Featuring curators Lucy Lippard and Peter Eleey and art historian David McCarthy, this panel—moderated by Kraus Family Curator Gary Carrion-Murayari—will take its cues from Peter Saul’s use of shock to consider art that delves headfirst into injustice, war, and oppression.

Please register via Zoom for this online program here.

Peter Eleey is the Chief Curator of MoMA PS1, which he joined in 2010. Eleey most recently co-organized Theater of Operations: The Gulf Wars 1991–2011 with Curator Ruba Katrib.

Lucy R. Lippard is a writer, activist, sometime curator, and author of 25 books on contemporary art and cultural criticism, including The Lure of the Local: Senses of Place in a Multicentered Society (1997), Down Country: The Tano of the Galisteo Basin, 1250-1782 (2010), Undermining: A Wild Ride through Land Use, Politics, and Art in the Changing West (2014), and most recently Pueblo Chico: Land and Lives in Galisteo Since 1814 (2020). She has co-founded various artists’ organizations and publications. She lives off the grid in rural Galisteo, New Mexico, where for 24 years she has edited the monthly community newsletter El Puente de Galisteo.
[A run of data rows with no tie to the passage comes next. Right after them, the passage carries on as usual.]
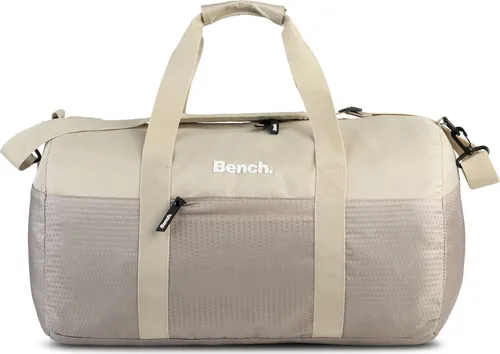 Bench Sporttasche Beige - Polyester - Sporttasche aus robustem Polyester, ideal für Sport und Freizeit mit großzügigen Maßen von 51x30x28cm.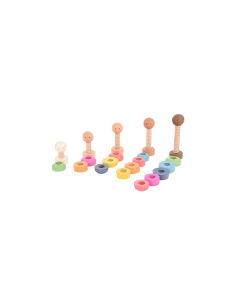 Set Gioco Sensoriale - Community People - Arcobaleno - in Legno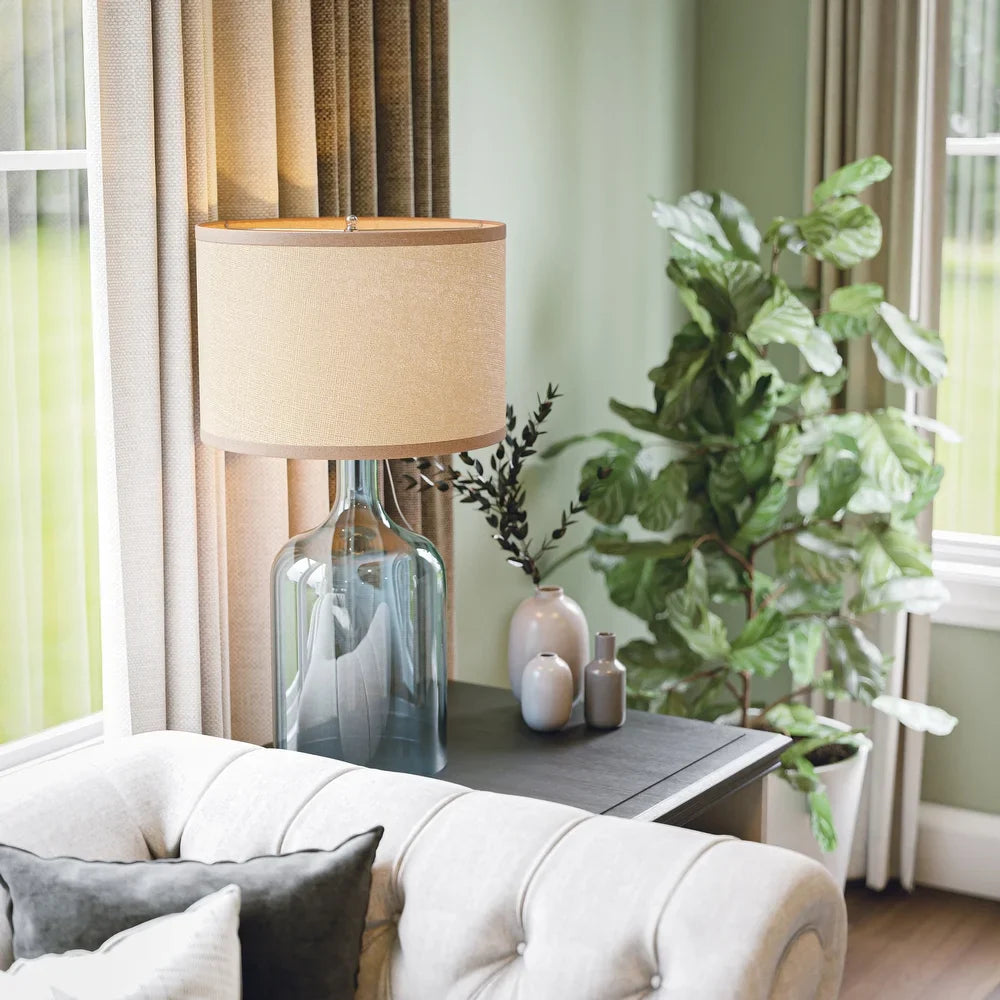 Corsica Clear Glass Finish Table Lamp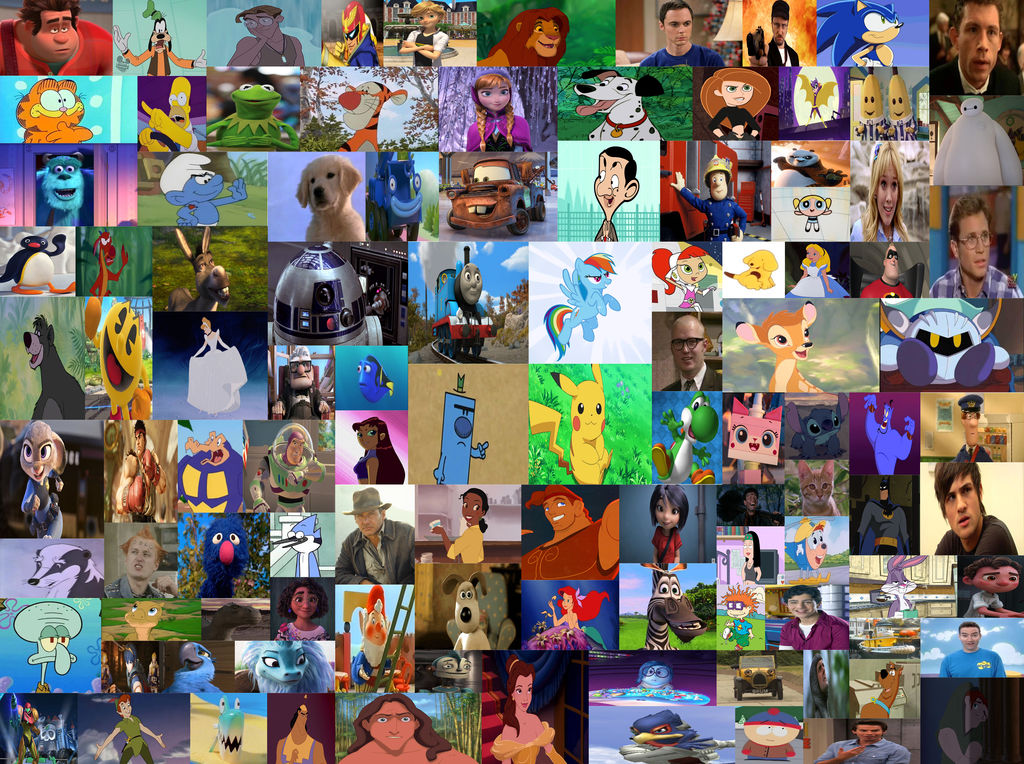 Characters Collages Deviantart Collage of My Favourite Characters by TheTrainMrMenPonyFan on DeviantArt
David McCarthy is a professor of art history at Rhodes College. He is the author of The Nude in American Painting, 1950–1980 (1998); Pop Art (2000); H. C. Westermann at War: Art and Manhood in Cold War America (2004); American Artists Against War, 1935–2010(2015); and numerous essays about American art of the mid-twentieth century.